La centralità che assume sempre di più la contrattazione aziendale non rischia di accentuare la tendenza alla frammentazione del sistema industriale italiano?

Su questo non c'è il minimo dubbio. Un sistema che è già di per sé il più frammentato della Unione europea a 17 ed è molto meno organizzato, ad onta delle infinite discussioni su distretti in forme di cooperazione interaziendali come avviene invece con i «poli di competitività» in Francia, le «reti di competenza» in Germania, ecc.

Come valuta la «tregua», in sostanza la sospensione del diritto di sciopero?

E' un altro colpo inferto alla libertà di associazione e di azione sindacale.

Cosa prevede nelle relazioni fra Fiat e Fiom, se il prossimo 18 luglio il tribunale desse ragione al sindacato sul contratto di Pomigliano?

Ho l'impressione che alla Fiat non spiacerebbe avere un pretesto per ridurre o rinunciare agli investimenti in Italia.

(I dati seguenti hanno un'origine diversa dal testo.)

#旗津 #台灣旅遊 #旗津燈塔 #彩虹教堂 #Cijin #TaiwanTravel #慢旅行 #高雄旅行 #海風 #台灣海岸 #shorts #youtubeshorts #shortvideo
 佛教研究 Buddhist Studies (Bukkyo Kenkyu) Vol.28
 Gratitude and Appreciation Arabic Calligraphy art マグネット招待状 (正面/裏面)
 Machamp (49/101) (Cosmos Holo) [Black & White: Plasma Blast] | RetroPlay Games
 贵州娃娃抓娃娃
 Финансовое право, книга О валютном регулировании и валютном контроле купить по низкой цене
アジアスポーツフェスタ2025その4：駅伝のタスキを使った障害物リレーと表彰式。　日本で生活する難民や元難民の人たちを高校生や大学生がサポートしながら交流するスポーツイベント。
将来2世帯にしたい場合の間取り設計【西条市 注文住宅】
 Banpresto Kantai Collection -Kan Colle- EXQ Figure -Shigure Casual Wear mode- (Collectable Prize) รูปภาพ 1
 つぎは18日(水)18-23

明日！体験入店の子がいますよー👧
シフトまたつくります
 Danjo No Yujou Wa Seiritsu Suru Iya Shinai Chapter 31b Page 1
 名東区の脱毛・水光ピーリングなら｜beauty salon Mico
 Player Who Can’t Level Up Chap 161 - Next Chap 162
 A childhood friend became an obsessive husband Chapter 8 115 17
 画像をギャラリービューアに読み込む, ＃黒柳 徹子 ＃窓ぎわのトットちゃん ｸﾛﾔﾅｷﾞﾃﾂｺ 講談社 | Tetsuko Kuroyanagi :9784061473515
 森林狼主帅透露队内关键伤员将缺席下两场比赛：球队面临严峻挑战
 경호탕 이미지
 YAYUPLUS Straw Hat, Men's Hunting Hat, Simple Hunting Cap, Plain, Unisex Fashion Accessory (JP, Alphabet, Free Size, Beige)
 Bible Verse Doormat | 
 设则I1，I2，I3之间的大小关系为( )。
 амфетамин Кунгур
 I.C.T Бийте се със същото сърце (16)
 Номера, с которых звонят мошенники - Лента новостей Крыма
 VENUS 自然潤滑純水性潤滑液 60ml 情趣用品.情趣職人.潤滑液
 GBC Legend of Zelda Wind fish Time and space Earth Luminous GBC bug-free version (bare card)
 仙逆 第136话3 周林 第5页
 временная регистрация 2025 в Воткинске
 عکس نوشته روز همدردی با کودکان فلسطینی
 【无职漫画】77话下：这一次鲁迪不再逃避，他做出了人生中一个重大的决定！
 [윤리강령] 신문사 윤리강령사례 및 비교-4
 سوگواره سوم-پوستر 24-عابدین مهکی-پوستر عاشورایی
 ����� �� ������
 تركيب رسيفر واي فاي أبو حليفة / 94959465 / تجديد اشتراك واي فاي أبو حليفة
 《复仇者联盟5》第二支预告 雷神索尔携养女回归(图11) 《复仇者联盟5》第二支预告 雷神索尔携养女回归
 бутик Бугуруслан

Il suo centro produttivo è ormai in Brasile e in Messico, dove a Toluca vengono costruite sia la 500 che i macchinoni Chrysler da vendere in Italia e in Europa con la placchetta Lancia o Alfa Romeo. Nel 2010 la Fiat ha prodotto in Italia meno auto di quante non ne abbiano prodotte al loro interno Germania, Francia, Regno Unito, Spagna, Polonia, Repubblica Ceca e Serbia. Ritornare ad essere, dall'ottavo, anche solo uno dei primi tre costruttori è un impegno di enorme portata. Se ai lavoratori italiani e alla Fiom potesse venire appioppata definitivamente l'accusa di essere inaffidabili, poco produttivi, renitenti alle forme moderne di organizzazione del lavoro, il disegno americanocentrico del Lingotto ne sarebbe facilitato.